# IACV fried ECU??



## Mendoza (Jun 6, 2006)

I just want to know if a short-circuit on the IACV can fry the ECU? If yes, isn't there a fuse to protect the ECU against that kind of electrical problem. The dealer told me that I need to change both the IACV and ECU. He called an hour after to tell me that the MAF needs to be replace also...This is getting ridiculous...

The ECU has an 8 years warranty on it but since the IACV which is past it's 3 years warranty fried the ECU, the ECU's warranty is invalid...

And how the heck can they prove that the ECU hasn't fried by itself or that they fried it while working on the car...

My car was stalling everytime the idle went too low and I had the Service Engine Soon lit up. Maxima 2000 by the way! 

Thx for any reply on this...


----------



## metro273 (Sep 16, 2005)

Unfortunately, YES! Both need to be replaced cause at my dealership, this has happened 3 times in the past 6 months. The ECM should be covered under emissions warranty(8 years or 80K miles). Doesn't matter that the IAC valve fried the ECM, if it's still under emissions warranty, THE ECM IS COVERED. We cover it at my dealership!
Hope you have an extended warranty to cover the IAC valve plus the labor involved...


----------



## Mendoza (Jun 6, 2006)

metro273 said:


> Unfortunately, YES! Both need to be replaced cause at my dealership, this has happened 3 times in the past 6 months. The ECM should be covered under emissions warranty(8 years or 80K miles). Doesn't matter that the IAC valve fried the ECM, if it's still under emissions warranty, THE ECM IS COVERED. We cover it at my dealership!
> Hope you have an extended warranty to cover the IAC valve plus the labor involved...
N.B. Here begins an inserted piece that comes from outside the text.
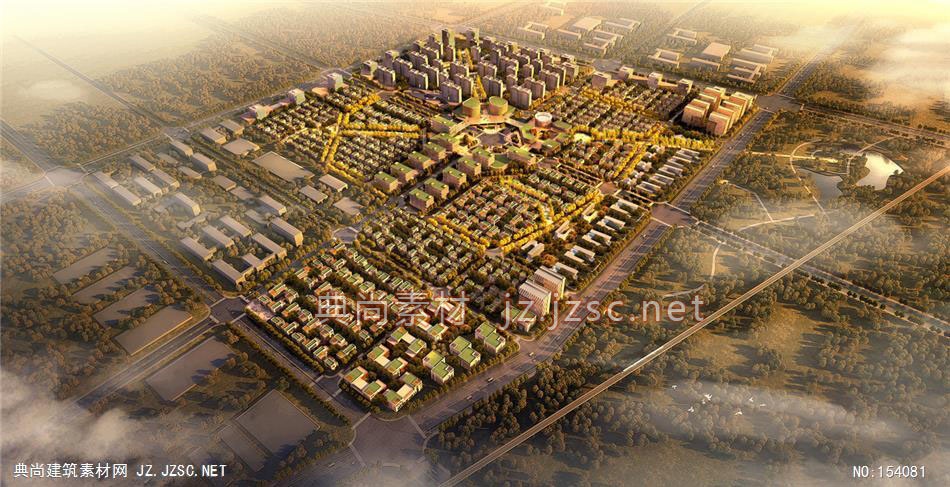隆基泰和涿州市光为产业园项目01-规划效果图设计+文化建筑效果图
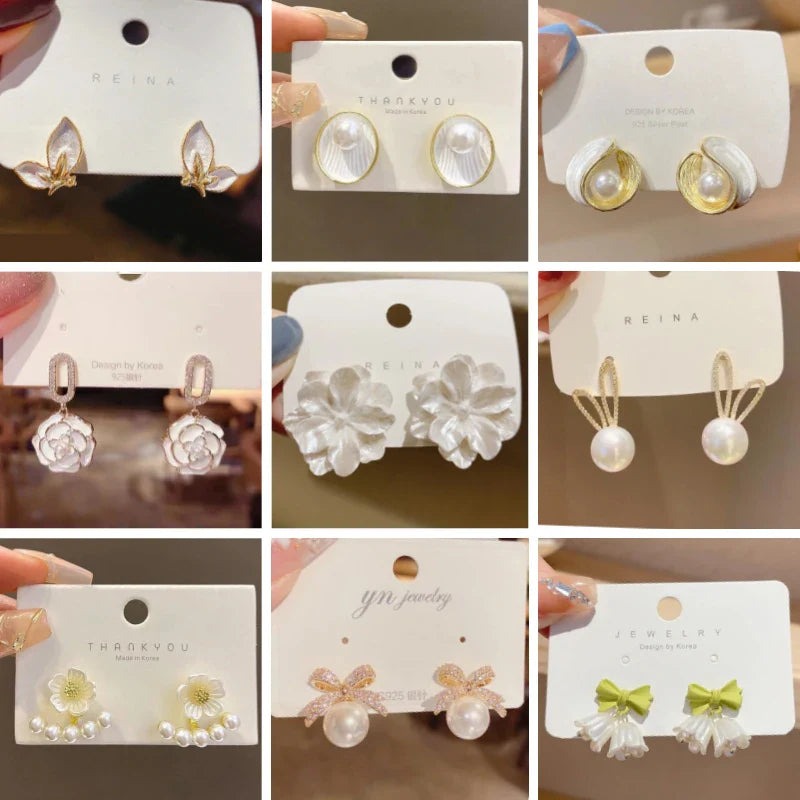 Pure White Women's Dangle Earrings Blooming Flower Acrylic Enamel Butterfly Imitation Pearl Heart Hanging Earrings Elegant brinc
Thx for the answer! No I don't have any extended warranty on the IACV so I'm not mad about having to pay for it. I am about the ECM b/s. I called Nissan Canada and they told me that consequential damage isn't warrantied which sounds quite weak as an argument...I guess this is gonna end by a little trip at the small claims court...

I hope I can deal something out of this with Nissan before this last resort...

(ECU + MAF + IACV) + tax + labor = 2600$ CAN

Pathetic....


----------